DATA section start

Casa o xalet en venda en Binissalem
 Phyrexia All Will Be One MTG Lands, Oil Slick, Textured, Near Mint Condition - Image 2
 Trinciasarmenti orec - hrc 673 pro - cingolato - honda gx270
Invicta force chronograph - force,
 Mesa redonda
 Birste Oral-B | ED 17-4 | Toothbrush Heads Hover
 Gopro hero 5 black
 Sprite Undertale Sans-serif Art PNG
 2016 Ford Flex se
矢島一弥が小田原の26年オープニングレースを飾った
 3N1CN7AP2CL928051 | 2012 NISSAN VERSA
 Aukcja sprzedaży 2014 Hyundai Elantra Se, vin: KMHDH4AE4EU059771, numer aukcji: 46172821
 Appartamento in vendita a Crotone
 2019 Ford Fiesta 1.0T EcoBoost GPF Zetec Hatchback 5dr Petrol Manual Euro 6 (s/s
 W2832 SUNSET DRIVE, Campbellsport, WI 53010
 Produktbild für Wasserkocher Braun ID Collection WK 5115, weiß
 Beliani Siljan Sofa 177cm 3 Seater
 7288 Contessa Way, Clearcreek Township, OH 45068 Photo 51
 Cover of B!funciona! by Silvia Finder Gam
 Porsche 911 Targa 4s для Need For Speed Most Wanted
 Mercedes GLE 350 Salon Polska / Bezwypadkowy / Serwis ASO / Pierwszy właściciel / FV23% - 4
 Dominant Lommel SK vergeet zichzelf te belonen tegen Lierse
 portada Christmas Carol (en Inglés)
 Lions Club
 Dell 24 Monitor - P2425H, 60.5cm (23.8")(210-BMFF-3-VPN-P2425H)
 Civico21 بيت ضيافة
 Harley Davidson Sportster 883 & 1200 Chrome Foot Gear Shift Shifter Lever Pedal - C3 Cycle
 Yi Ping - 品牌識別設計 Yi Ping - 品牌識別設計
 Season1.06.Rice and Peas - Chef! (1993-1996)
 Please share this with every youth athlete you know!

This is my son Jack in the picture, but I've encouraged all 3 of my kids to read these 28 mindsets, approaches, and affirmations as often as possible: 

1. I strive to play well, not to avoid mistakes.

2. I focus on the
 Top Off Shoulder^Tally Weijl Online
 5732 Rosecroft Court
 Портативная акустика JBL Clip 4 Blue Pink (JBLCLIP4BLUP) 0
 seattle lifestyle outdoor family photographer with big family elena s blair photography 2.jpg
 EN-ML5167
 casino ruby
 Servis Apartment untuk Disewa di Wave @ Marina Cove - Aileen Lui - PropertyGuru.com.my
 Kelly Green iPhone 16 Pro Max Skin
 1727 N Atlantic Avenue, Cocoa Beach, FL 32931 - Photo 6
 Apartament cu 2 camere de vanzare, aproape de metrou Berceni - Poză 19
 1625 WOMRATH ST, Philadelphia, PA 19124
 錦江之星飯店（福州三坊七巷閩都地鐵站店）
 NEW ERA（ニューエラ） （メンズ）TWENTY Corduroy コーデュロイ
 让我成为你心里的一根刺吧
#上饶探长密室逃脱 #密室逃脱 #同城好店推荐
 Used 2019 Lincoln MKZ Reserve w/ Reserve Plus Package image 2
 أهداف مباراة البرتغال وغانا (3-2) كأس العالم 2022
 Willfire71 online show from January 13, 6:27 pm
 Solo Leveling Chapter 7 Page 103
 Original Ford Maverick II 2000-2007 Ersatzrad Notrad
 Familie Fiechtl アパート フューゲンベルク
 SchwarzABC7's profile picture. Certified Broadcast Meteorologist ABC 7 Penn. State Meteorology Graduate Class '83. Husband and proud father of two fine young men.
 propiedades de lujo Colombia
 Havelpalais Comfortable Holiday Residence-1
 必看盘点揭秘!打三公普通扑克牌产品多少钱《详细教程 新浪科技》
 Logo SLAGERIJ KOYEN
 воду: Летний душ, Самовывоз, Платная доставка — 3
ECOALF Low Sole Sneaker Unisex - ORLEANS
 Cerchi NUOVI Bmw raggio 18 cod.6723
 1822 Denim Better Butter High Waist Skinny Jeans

DATA section end

**PROMPT:** When a line above includes the word "picture", please list that line.

**WRITTEN RESPONSE:**
This is my son Jack in the picture, but I've encouraged all 3 of my kids to read these 28 mindsets, approaches, and affirmations as often as possible: 
 SchwarzABC7's profile picture. Certified Broadcast Meteorologist ABC 7 Penn. State Meteorology Graduate Class '83. Husband and proud father of two fine young men.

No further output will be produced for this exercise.